The problem was that none of the R_PPC64_JMP_SLOT relocations where done
for ld64.so itself. As a result the loader thought it had relocated
itself and proceed to dl_main and _dl_init_paths and failed on the first
non-local call (to malloc).
This is one area where ppc64 is very different from ppc32. PPC64 is
always PIC so even the loader needs to relocate its own TOC and PLT
before for it can complete it's own setup. PPC64's
elf_machine_fixup_plt actually needs a sym_map (in addition to the link
map) to relocate PLT entries. This is necessary because of circular
order dependencies between R_PPC64_RELATIVE relocs for the opd entries
and the R_PPC64_JMP_SLOT relocs that copy them to the PLT.
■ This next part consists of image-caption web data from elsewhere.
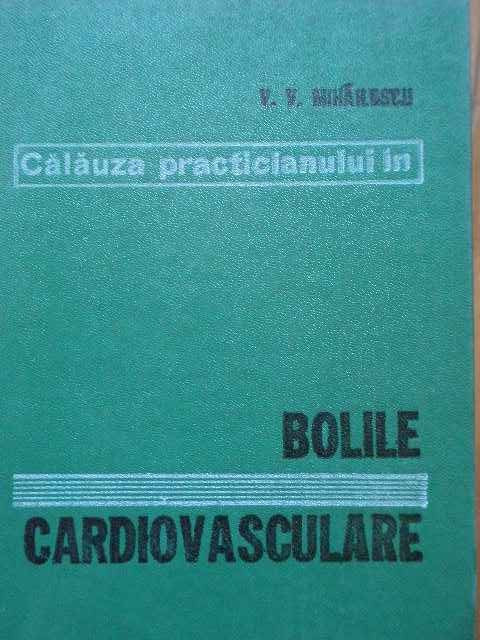 Calauza Practicianului In Bolile Cardiovasculare - V.v. Mihailescu ,289323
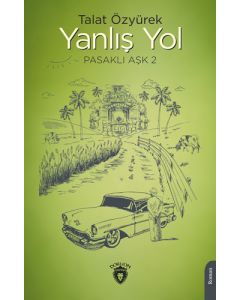 Yanlış Yol Pasaklı Aşk - 2
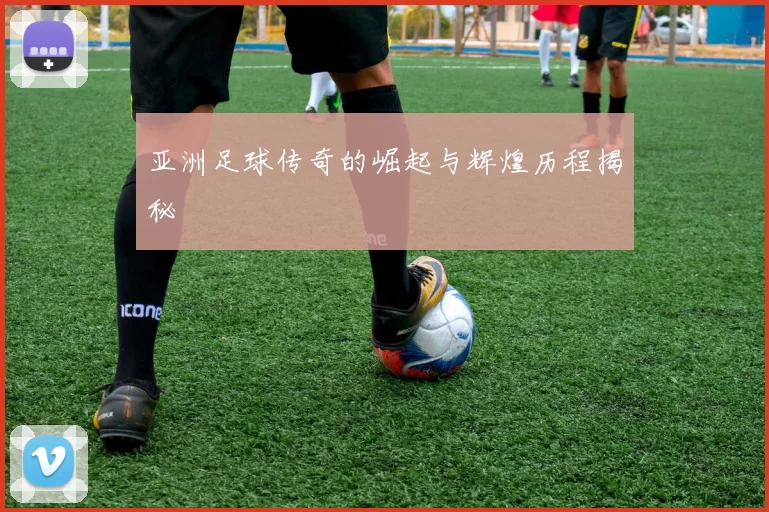 亚洲足球传奇的崛起与辉煌历程揭秘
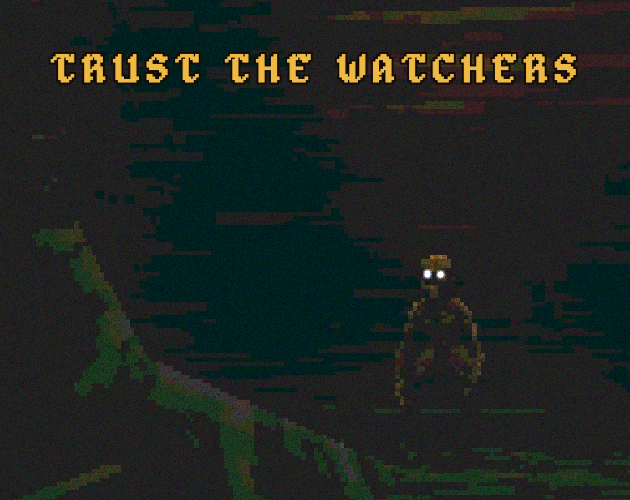 Comments 133 to 94 of 166 Trust the Watchers by Bad Lights Games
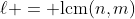 \ell = \text{lcm}(n,m)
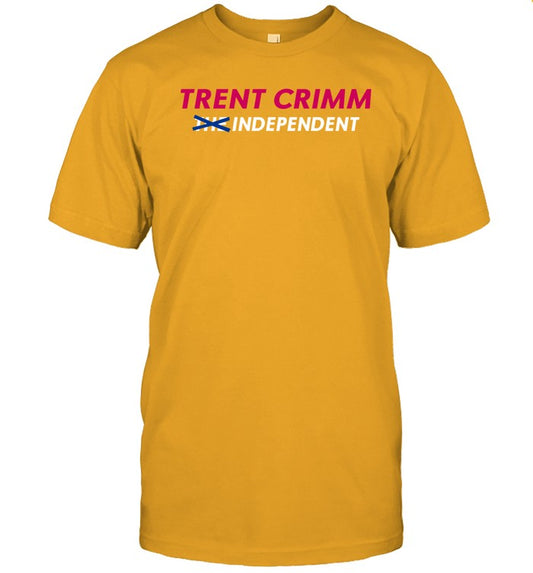 Limited Trent Crimm The Independent Funny Shirt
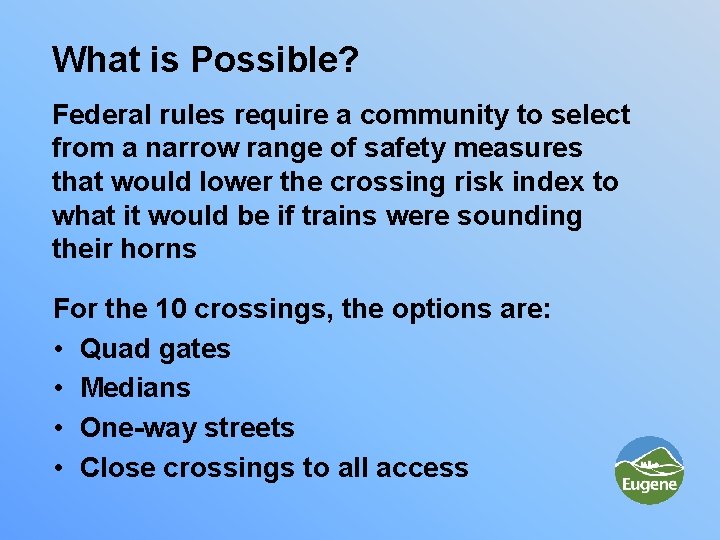 What is Possible? Federal rules require a community to select from a narrow range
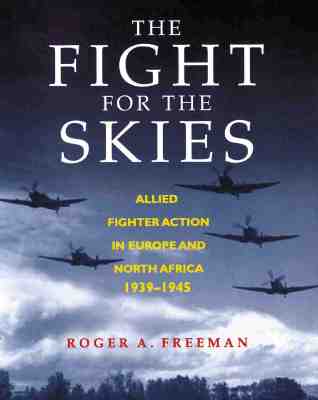 The Fight for the Skies: Allied Fighter Action in Europe and North Africa, 1939 - 1945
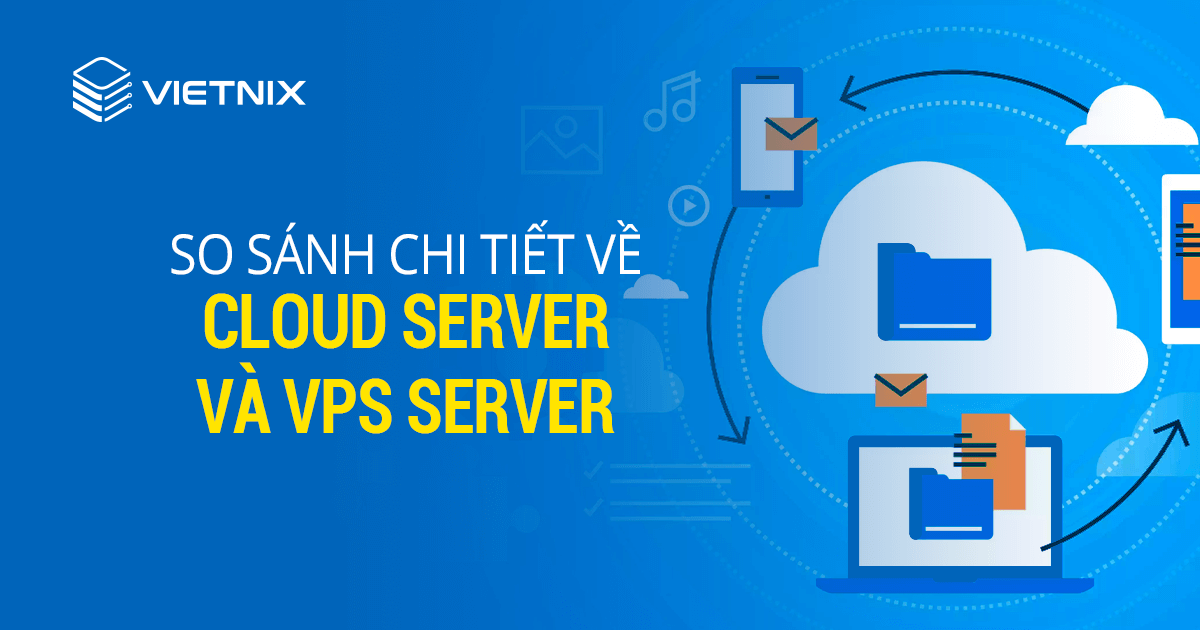 so sánh cloud server với vps server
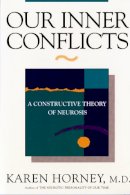 Karen Horney - Our Inner Conflicts: A Constructive Theory of Neurosis - 9780393309409 - V9780393309409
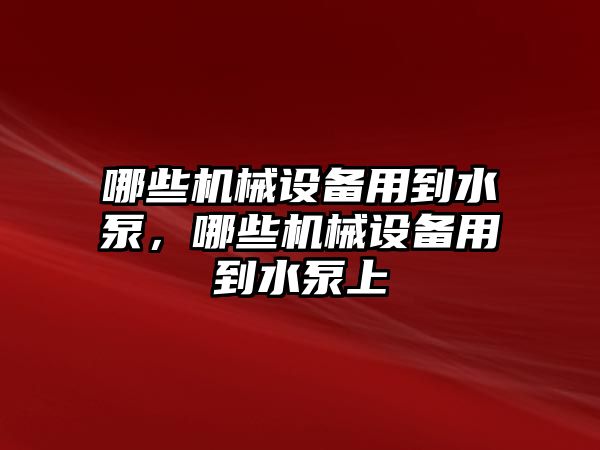 哪些機(jī)械設(shè)備用到水泵，哪些機(jī)械設(shè)備用到水泵上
In this case the sym_map pointer was uninitialied for the loaders own
relocation due making the RESOLVE_MAP conditional on:
#if defined USE_TLS && !defined RTLD_BOOTSTRAP
Unfortunately the register used for the sym_map value was still 0 from
kernel initialization. This caused elf_machine_fixup_plt to detect
sym_map as a null pointer and return without attempting the PLT
relocation. If sym_map had been a garbage (non-zero) value ld.so would
have failed sooner and would have been easier to debug.
So the core failure can be fixed by moving the RESOLVE_MAP ahead of the
conditional:
@@ -569,8 +591,8 @@
if (__builtin_expect (r_type == R_PPC64_NONE, 0))
return;
+ sym_map = RESOLVE_MAP (&sym, version, r_type);
#if defined USE_TLS && !defined RTLD_BOOTSTRAP
- struct link_map *sym_map = RESOLVE_MAP (&sym, version, r_type);
value = sym == NULL ? 0 : sym_map->l_addr + sym->st_value;
#else
value = RESOLVE (&sym, version, r_type);
Along the way I had to fix up some compile failures and warnings:
include dl-tls.h, remove the duplicate declare of sym_map, and add
parentheses to BIT_INSERT to insure the correct operation order and
elliminate the related compiler warning.
> You've added a lot of *_GOT_* relocs, which are just never necessary.
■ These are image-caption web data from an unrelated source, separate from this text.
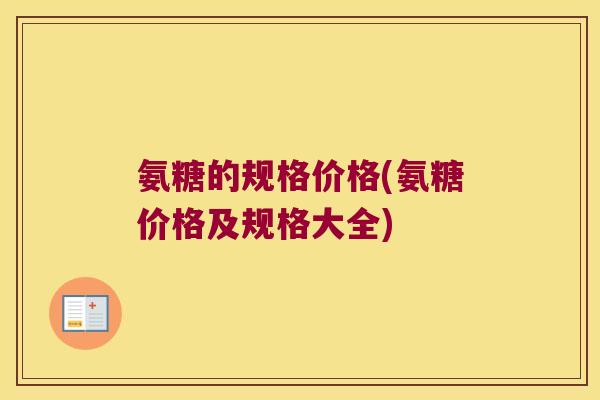 氨糖的规格价格(氨糖价格及规格大全)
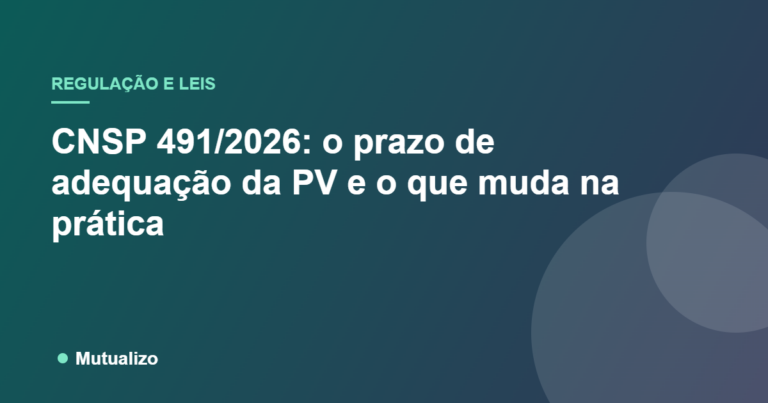 CNSP 491/2026: o prazo de adequação da PV e o que muda na prática - Mutualizo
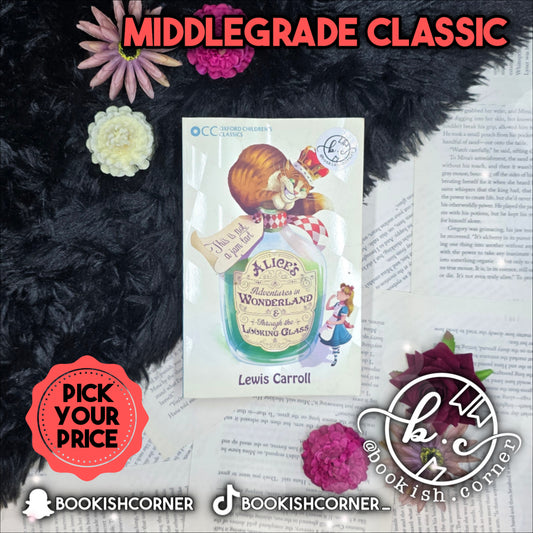 Alice's Adventures in Wonderland & Through the Looking-Glass By Lewis Carroll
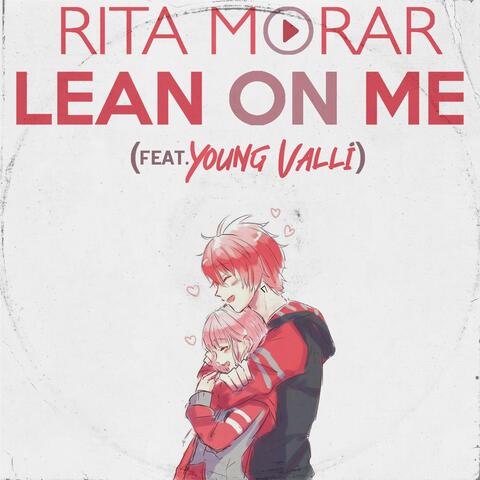 Lean on Me (feat. Young Valli)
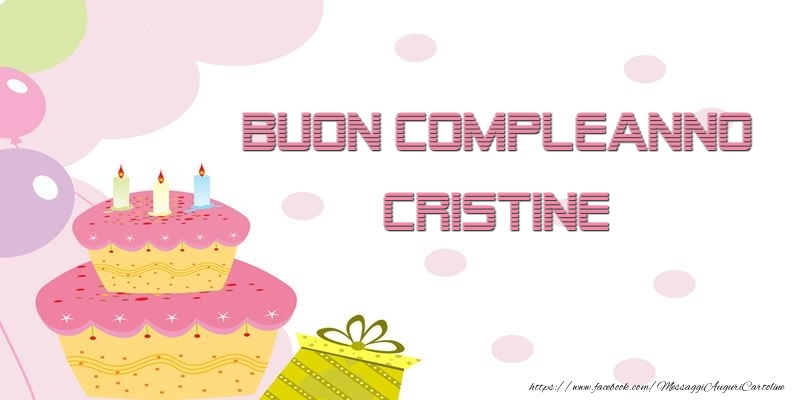 Buon Compleanno Cristine - Cartoline compleanno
> Those relocs never come out of ld -shared.
Yes these are long gone in my version as well. I gave my changes to Alan
Modra to review but Alan did not get a chance to respond until Monday.
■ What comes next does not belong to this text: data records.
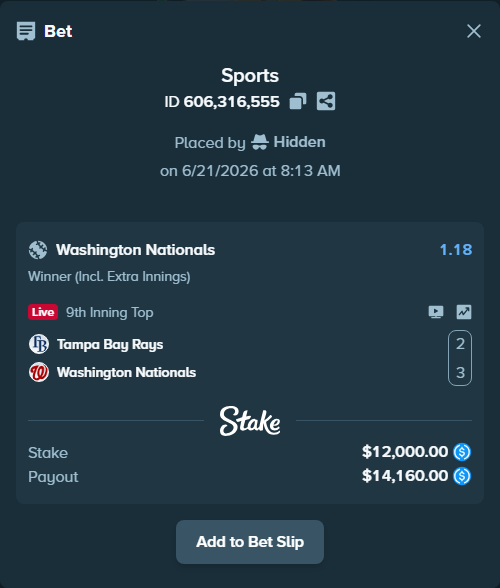 Bet slip: Tampa Bay Rays - Washington Nationals, $12,000.00 stake at 1.18 odds, placed by Hidden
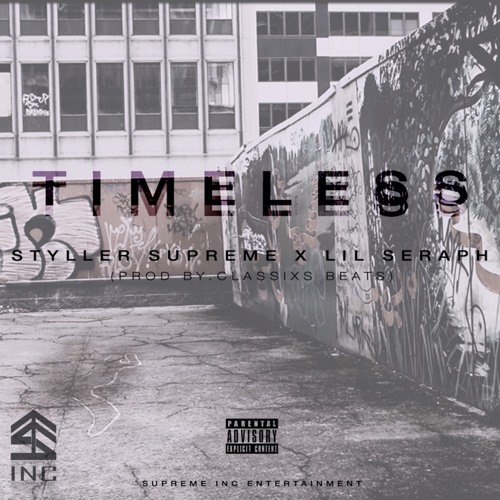 Styller Supreme X Lil Seraph - Timeless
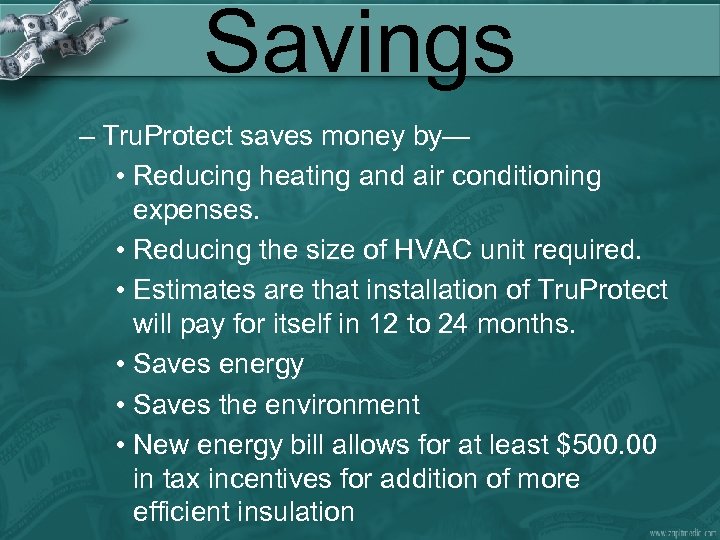 Savings – Tru. Protect saves money by— • Reducing heating and air conditioning expenses.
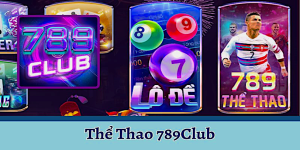 Thể thao 789Club sảnh cá cược uy tin, khuyến mãi hấp dẫn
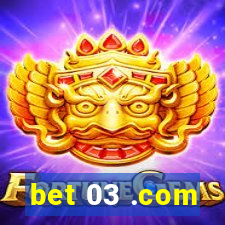 bet 03 .com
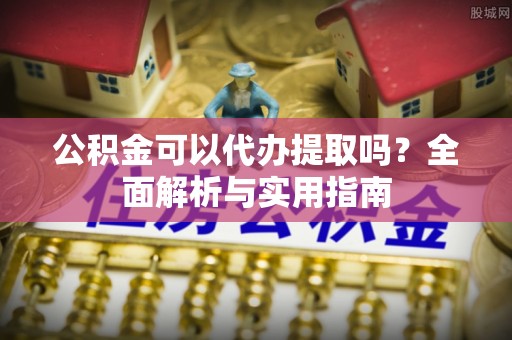 壶关公积金可以代办提取吗？全面解析与实用指南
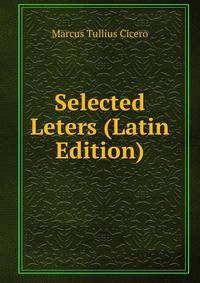 Selected Leters (Latin Edition)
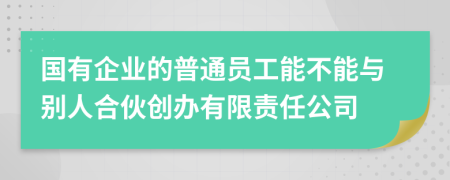 国有企业的普通员工能不能与别人合伙创办有限责任公司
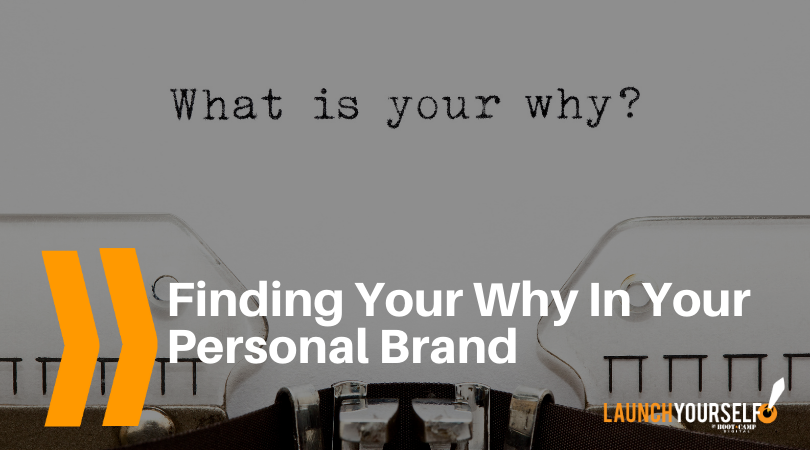 Finding Your Why In Your Personal Brand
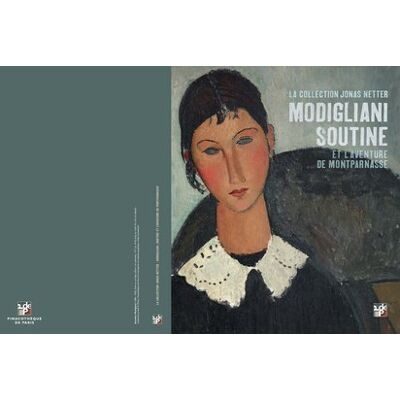 Marc Modigliani, Soutine et l'aventure de Montparnasse : la collection de Jonas Netter : exposition, Paris, Pinacothèque, 4 avril-9 septembre 2012 - Preis vom 17.06.2026 05:34:31 h Marc Modigliani, Soutine et l'aventure de Montparnasse : la collection de Jonas Netter : exposition, Paris, Pinacothèque, 4 avril-9 septembre 2012 - Preis vom 17.06.2026 05:34:31 h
> I think all my TLS code is correct, cleaner than what you have, fixes
> bugs you have not fixed, and nicely parallels the ppc32 code that
does > in fact work. The 16-bit relocs are missing, but we can add
those as > I did for ppc32.
I am not convinced that your PPC32 changes are completely correct or
should be applied to PPC64.
1) Your macro DO_TLS_RELOC automatically builds case statements for both
corresponding DTPREL and TPREL relocations. The
R_PPC_DTPREL32/R_PPC64_DTPREL64 relocations are required dynamically.
However (at least for ppc64) the DTPREL16* relocs will never generate
dynamic endties.
2) The full expansion of CHECK_STATIC_TLS and TLS_TPREL_VALUE is large
(128 bytes for ppc64). Expanding this code 5 (ppc32) to 10 (ppc64) times
inline seems excessive. Especially when elf_machine_rela is itself
expanded several times. A (out of line) static function
(elf_machine_tprel) would be appropriate to call from within the case
statements that requires this logic.
3) The whole implementation seems overly complicated and hard to
understand.
I'll hold my patch till tomorrow to give you a chance to respond to the
comments above.
> I don't want to revert to the previous crufty version and start over.
> The changes I made are not that extensive nor hard to comprehend, so I
> don't think it will take long to find my errors.
This comment is unwarranted and unfair since you never bothered to look
at my improved implementation. In this case the bug you introduced was
not at all obvious and took 8 hours of solid work to debug and understand.